Worth ten seconds of actual thought, because track is the answer to one specific question the renderer asks on every update: "is this the same row as before?"
Same row, says who?
When the array changes, Angular diffs old against new. Rows judged "the same" keep their DOM node, their component instances, their focus state, their CSS transitions. Rows judged "different" are destroyed and rebuilt from scratch. track is the judge — it maps each item to a key, and matching keys mean reuse.
@for (user of users(); track user.id) {
<app-user-row [user]="user" />
}
track user.id says: identity lives in the data. Reorder the array, refresh it from the server, replace every object with a clone — as long as the ids match, the DOM moves instead of dying. This is the right answer for anything that came out of a database, which is to say, most lists.
When $index is fine, and when it lies
track $index says: identity lives in the position. Row 3 is row 3, whatever it contains. That's correct in exactly two situations — the list is static (a hardcoded menu, weekdays), or the items are primitives with possible duplicates (a list of tags where two can be "angular", and ids don't exist).
Everywhere else it lies, in one of two directions. Insert an item at the top of a 200-row list: every position shifts, so the differ sees 200 "changed" rows and rebuilds them all — there goes your frame budget, and the work scales with list size. Worse is the quiet version: rows with internal state. An expanded accordion panel at index 4 stays expanded at index 4 after you sort the list — the state glued itself to the position while the data moved. Users report that one as "the app shuffled my stuff," and they're right.
The object-identity trap
track user — tracking the object itself — looks reasonable and breaks the moment your state management does the idiomatic thing. Immutable updates mean every refresh produces new object references for the same logical entities. New references, new identities, full rebuild — your "optimization" turned every server poll into a teardown of the entire list. If you've ever watched a list flicker on each refresh and couldn't say why, check what track is keyed on.
NG0955 is telling you something true
The duplicate-key error isn't the framework being pedantic. Two rows with the same key means the differ literally cannot tell them apart — reuse becomes arbitrary. When I hit NG0955 it has almost always flagged a real data bug upstream: an id that wasn't unique after a merge, a join that duplicated rows.

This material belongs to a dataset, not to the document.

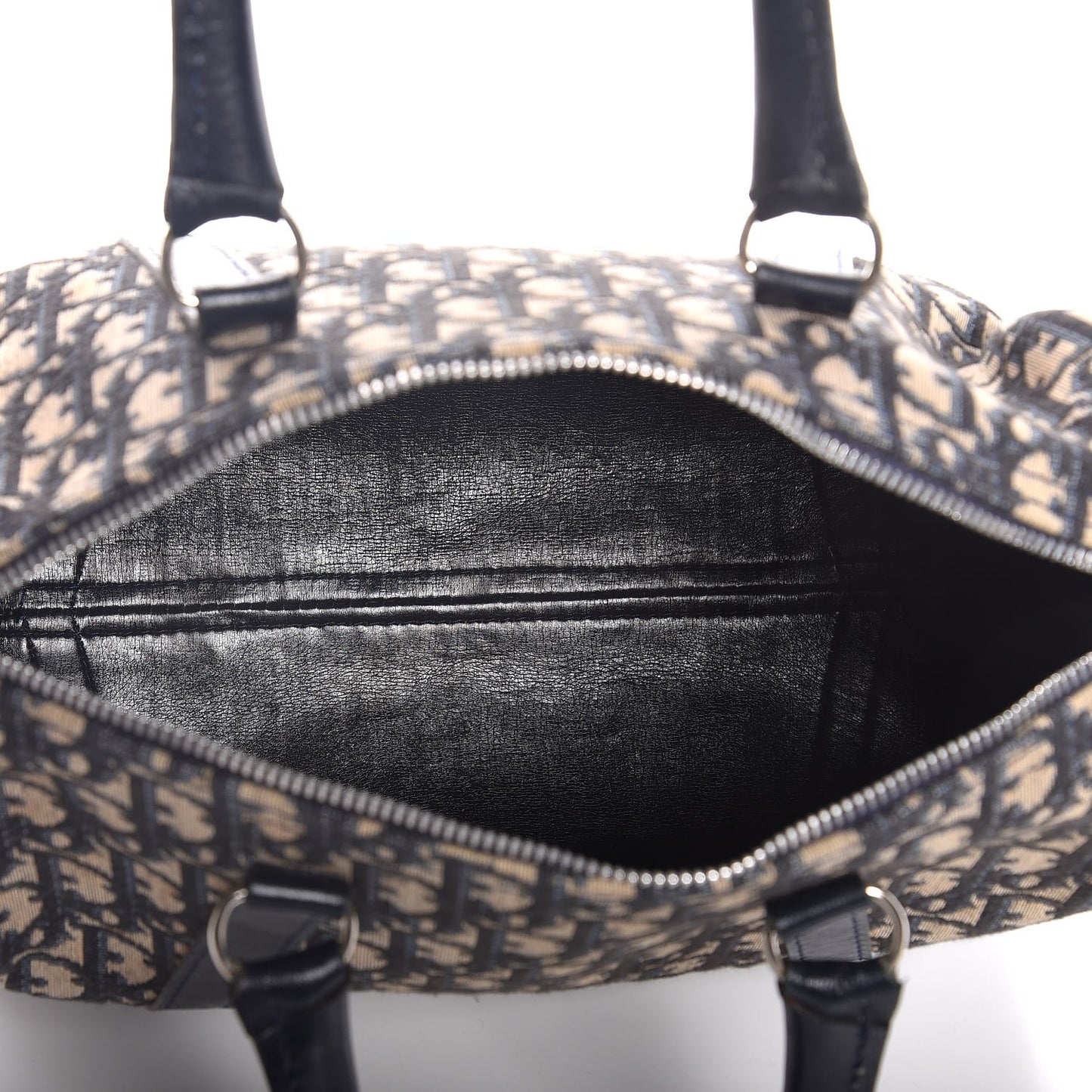 Monogram Boston Navy Blue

Fix the data, not the track expression. track $index-as-silencer just moves the confusion into the DOM.
The ten-second rule
Has a stable id → track item.id. Static or primitive with duplicates → track $index. Neither → derive a real key (compose fields if you must) rather than lying about identity. That covers every list I've reviewed since the syntax landed — and unlike the trackBy era, the compiler now makes sure you at least showed up to the decision.